Hi I am working on a project which deals with large amount of data. I have a text file of around 2 GB with key value pairs and each key has multiple values. I need to extract all the keys in a different file, as I need the keys for testing a particular feature.
The format of the file is:
:k: k1 :v: {XYZ:{id:"k1",score:0e0,tags:null},ABC:[{XYZ:{id:"k1",score:0e0,tags:null},PQR:[{id:"ID1",score:71.85e0,tags:[{color:"DARK"},{Type:"S1"},{color:"BLACK"}]},MetaData:{RuleId:"R3",Score:66.26327129015809e0,Quality:"GOOD"}},{XYZ:{id:"k1",score:0e0,tags:null},PQR:[..(same as above format)..],MetaData:{RuleId:"R3",Score:65.8234565409752e0,Quality:"GOOD"}} ::
//same pattern repeats with different keys, and a new line
When I search ":k: " in the file using CTRL+F, these keys only get highlighted.
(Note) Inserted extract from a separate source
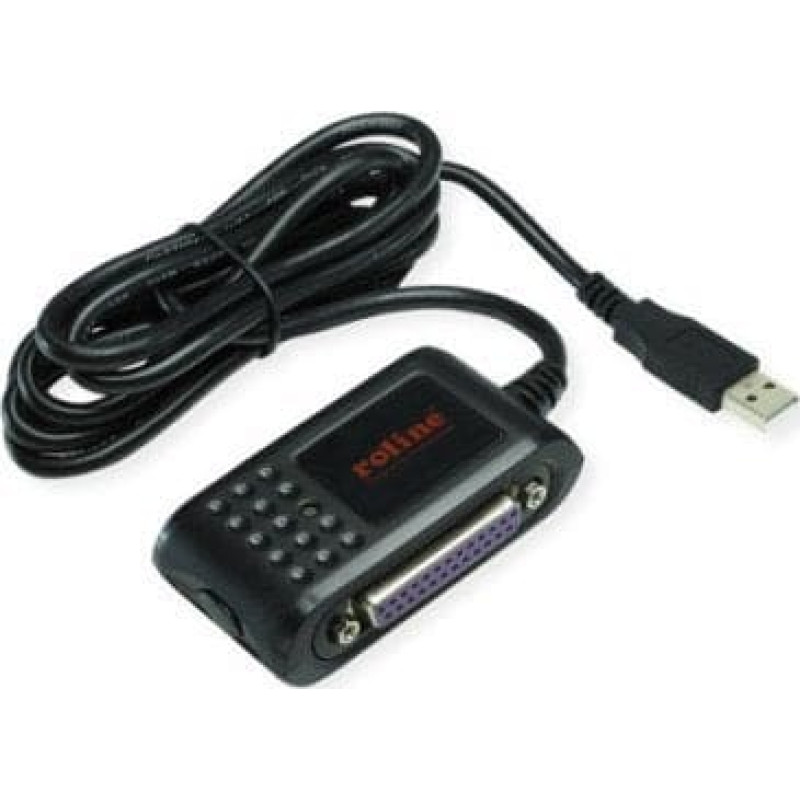 Triton Adapter AV TRITON Konwerter ROLINE USB / równoległy + szeregowy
SO I think this kind of pattern is no where in the file except the start of the line
Like these there are thousands of keys.
And I want all these keys (k1, k2) extracted to a separate file for testing.
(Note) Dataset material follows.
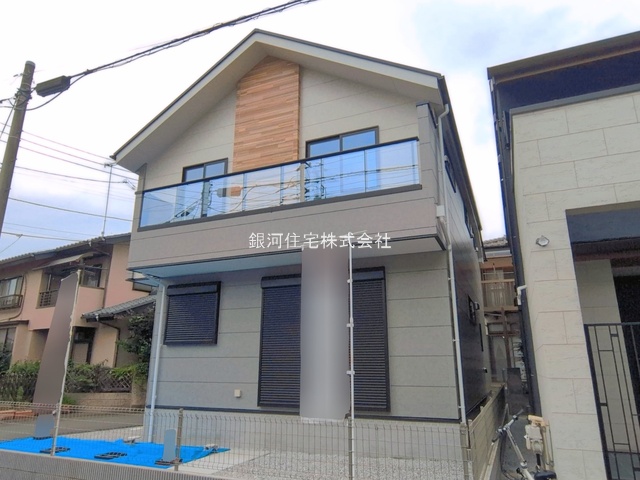 G00396239 東京都国立市北２丁目 新築一戸建て 9499万円 土地面積104.38m² (約31.57坪) 建物面積103.47m² (約31.29坪) 間取り４ＬＤＫ 築年月2026年06月(築１年以内)【外観9】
There are multiple lines for :k: and want to separate (k1, k2, ..) in a separate file. How can I do this?
Python is also fine for me. I can use regular expressions in python or maybe use "sed" shell command. Please help me out here how I can use these to extract the keys.
Can someone help me in writing a shell/python script for same. I know its very trivial but I'm novice to all this kind of data processing.
Also focusing on optimizing the run time, as the data is very large.